それは、トルコ政府にとって同国南東部の、クルド人居住地域が、頭痛の種になっていることに加え、そこにシリアから、クルド人がさらに流入してくれば、問題は複雑さをますます、増大させるからだ。

 トルコ政府はこれまで、何度となくシリア政府に対して、善処するよう要請してきたが、何の具体策もとられていない。トルコはシリア政府に対して、民主化を進めなければ、シリア国内が危険な状態に陥っていくことも、警告し続けてきていた。最近では、具体的に、第4旅団をデモが起こっている都市の、路上から撤収させるべきだ、とまで踏み込んだ提案をしたほどだ。

 トルコがシリアからの難民、なかでもクルド人難民について、神経質になるのには、それなりの理由がある。1991年イラクのサダム体制が、クルド人弾圧に踏み切った時、何万人という数のクルド人が、トルコに亡命してきた経緯がある。そして、彼らはアメリカ軍がイラクに攻撃を加え、イラクのクルド地区が解放されるまで、イラクに帰国することがなかったのだ。

 今回の場合も、もし長期に渡ってシリアのクルド人が、トルコ領内にとどまるようなことになれば、トルコが大きな負担を担わざるを得なくなるのだ。
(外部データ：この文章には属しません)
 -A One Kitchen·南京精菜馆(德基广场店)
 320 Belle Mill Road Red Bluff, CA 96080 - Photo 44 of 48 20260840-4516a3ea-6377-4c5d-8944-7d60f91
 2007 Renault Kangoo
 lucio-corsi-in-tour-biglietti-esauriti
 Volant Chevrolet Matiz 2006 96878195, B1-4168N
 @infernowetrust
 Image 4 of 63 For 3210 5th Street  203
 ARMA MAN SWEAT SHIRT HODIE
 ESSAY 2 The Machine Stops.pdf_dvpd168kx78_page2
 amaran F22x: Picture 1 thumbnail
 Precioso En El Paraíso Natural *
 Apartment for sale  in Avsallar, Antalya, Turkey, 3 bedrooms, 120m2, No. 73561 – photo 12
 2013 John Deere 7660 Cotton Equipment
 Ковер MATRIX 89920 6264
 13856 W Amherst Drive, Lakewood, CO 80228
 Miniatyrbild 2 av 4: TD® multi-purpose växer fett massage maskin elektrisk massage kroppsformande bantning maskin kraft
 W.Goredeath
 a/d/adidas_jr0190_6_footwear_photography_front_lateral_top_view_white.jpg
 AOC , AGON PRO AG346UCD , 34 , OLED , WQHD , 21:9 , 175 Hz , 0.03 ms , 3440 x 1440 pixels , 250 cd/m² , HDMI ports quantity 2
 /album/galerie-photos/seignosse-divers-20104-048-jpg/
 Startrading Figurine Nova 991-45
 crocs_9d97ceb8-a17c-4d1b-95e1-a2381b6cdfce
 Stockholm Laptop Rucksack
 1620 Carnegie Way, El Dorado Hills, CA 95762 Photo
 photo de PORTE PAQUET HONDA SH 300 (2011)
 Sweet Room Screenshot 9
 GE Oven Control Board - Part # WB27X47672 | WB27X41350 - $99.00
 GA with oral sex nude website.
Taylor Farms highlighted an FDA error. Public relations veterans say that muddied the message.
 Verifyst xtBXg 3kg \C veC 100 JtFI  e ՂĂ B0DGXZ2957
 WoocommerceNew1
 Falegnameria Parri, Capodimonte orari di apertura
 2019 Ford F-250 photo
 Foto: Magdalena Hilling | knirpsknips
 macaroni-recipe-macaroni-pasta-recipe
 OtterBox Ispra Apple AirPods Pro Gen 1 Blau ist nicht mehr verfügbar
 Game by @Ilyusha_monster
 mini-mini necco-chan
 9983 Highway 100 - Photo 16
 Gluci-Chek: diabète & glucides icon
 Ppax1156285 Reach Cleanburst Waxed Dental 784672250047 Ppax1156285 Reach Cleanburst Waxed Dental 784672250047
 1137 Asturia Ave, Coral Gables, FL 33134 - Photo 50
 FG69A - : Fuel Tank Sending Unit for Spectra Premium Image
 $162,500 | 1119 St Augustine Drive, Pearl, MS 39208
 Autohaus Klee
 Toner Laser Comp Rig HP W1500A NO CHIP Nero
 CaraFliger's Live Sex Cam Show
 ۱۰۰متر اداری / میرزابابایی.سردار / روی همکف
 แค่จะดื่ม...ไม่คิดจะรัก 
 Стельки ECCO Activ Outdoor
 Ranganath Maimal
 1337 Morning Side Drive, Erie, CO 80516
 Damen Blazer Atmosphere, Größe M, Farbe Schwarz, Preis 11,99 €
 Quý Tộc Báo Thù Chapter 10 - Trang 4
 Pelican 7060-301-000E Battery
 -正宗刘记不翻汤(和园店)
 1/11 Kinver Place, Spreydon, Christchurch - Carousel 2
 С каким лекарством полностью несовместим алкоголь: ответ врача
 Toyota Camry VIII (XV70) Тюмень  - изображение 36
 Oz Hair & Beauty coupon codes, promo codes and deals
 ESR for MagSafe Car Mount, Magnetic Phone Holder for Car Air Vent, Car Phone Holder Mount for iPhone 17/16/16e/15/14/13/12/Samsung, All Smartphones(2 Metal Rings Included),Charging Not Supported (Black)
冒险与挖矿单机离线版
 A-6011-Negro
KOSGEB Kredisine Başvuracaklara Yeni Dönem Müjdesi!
 トルコ政府はシリア政府が、難民対応も国内の公正な選挙の実施を含む、民主化対策もシリア在住のクルド人に国籍を与えないことにも、いらだちを感じている。その結果、最近ではトルコが軍を送り、シリア国内に難民用の安全地帯を設ける、という情報が飛び交い始めている。

 この安全地帯はシリアのトルコ国境に近い、カーミシリ市ばかりではなく、デール・ズール県にまで広がる広域にまたがるもののようだ。

 もしトルコが、実際にシリア領内に軍を送り、安全地帯を設定するようになった場合、シリアはどう対応するのだろうか。国際社会では、シリアのアサド政権の非人道的な、デモ参加者に対する対応もあることから、トルコ軍のシリア進出は支持される確率が、高いのではないか。

 シリア軍にはとても、トルコ軍を軍事力で追い返すほどの、実力はあるまい。